NOTES on #11
This poem connects with The Muppet Show episode guest starring Candice Bergen. She was a fashion model and a famous actress, perhaps most well known for her later work on Murphy Brown. This poem is about the way the Hollywood industry sells a certain portrayal of women within the American machine. It's also about hogging the spotlight away from education in order to create a culture obsessed with sex, beauty, fame, greed, and hamming it up.

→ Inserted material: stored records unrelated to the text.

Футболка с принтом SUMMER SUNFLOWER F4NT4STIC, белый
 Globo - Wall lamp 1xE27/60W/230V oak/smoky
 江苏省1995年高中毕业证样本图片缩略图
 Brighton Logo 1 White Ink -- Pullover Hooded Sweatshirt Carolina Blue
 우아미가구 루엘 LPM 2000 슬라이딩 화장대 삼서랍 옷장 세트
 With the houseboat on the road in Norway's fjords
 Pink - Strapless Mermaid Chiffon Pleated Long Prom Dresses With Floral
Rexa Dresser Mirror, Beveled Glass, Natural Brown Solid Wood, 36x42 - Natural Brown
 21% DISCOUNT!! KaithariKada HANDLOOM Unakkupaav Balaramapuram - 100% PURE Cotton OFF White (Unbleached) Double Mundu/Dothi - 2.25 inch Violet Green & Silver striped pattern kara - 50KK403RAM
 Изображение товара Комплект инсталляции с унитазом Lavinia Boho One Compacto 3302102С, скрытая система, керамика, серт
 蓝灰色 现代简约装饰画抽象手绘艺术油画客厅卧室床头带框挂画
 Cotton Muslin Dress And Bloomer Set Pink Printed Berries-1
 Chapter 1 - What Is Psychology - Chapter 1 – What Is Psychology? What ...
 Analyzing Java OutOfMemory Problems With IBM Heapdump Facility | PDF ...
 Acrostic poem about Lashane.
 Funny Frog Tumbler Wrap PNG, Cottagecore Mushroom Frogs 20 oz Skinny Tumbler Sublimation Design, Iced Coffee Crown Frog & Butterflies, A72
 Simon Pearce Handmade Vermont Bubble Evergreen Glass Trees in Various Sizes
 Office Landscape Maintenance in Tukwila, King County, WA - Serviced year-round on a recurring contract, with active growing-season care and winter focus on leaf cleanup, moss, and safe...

"Pig Before a Mirror" / parody of Picasso's |
& I chose to self-publish this piece because I know it won't get picked up anywhere else. It is perhaps a bit overdone, but let's go through it together. In this episode, the diva of The Muppet Show, Miss Piggy, has her very first opening number! Before her rise to fame, Miss Piggy was just a simple farm pig. She actually knows very few French words but likes to pretend she speaks the language as she finds it to be refined and romantic. For this poem I tried to create an OULIPO, or like Miss Piggy, at least what I thought is one. An OULIPO is a type of poem that originated by French writers that uses writing constraints. The constraints I created are a bit puzzling. The general constraint was to answer a question using a longer more enigmatic answer other than a direct answer. The first question I answered three different ways. The first was to use a word in each line with a letter that starts the word and is repeated twice after. That letter of the word would spell an answer going down (POOR GIRL). The second way is even more complicated because the answer plays off the first as a rhyme to the answer, poor girl. You have to find a synonym for the word in italics, which are both vulgar slang words("whore" and "hurl"). The third way is by using two types of definitions, and then from there, end with misleading facts. This condensing of content relates to the UK spot in this episode, "It's Not Where You Start." WAKE UP is in capital letters inside the entire piece. This poem is definitely overly conceptual, but I believe the lines alone tell their own story.
& Perhaps because of its headiness, I decided to make a music video to compliment this piece. My dear friend, Ara Christina Jo, is the star of this video. She was tragically taken from us too soon, but I know her spirit lives on. I was very lucky to have such an angel as a friend. Whatever you think of my artistic social commentary, I hope her humor and beauty shines through this small window. She is missed by many.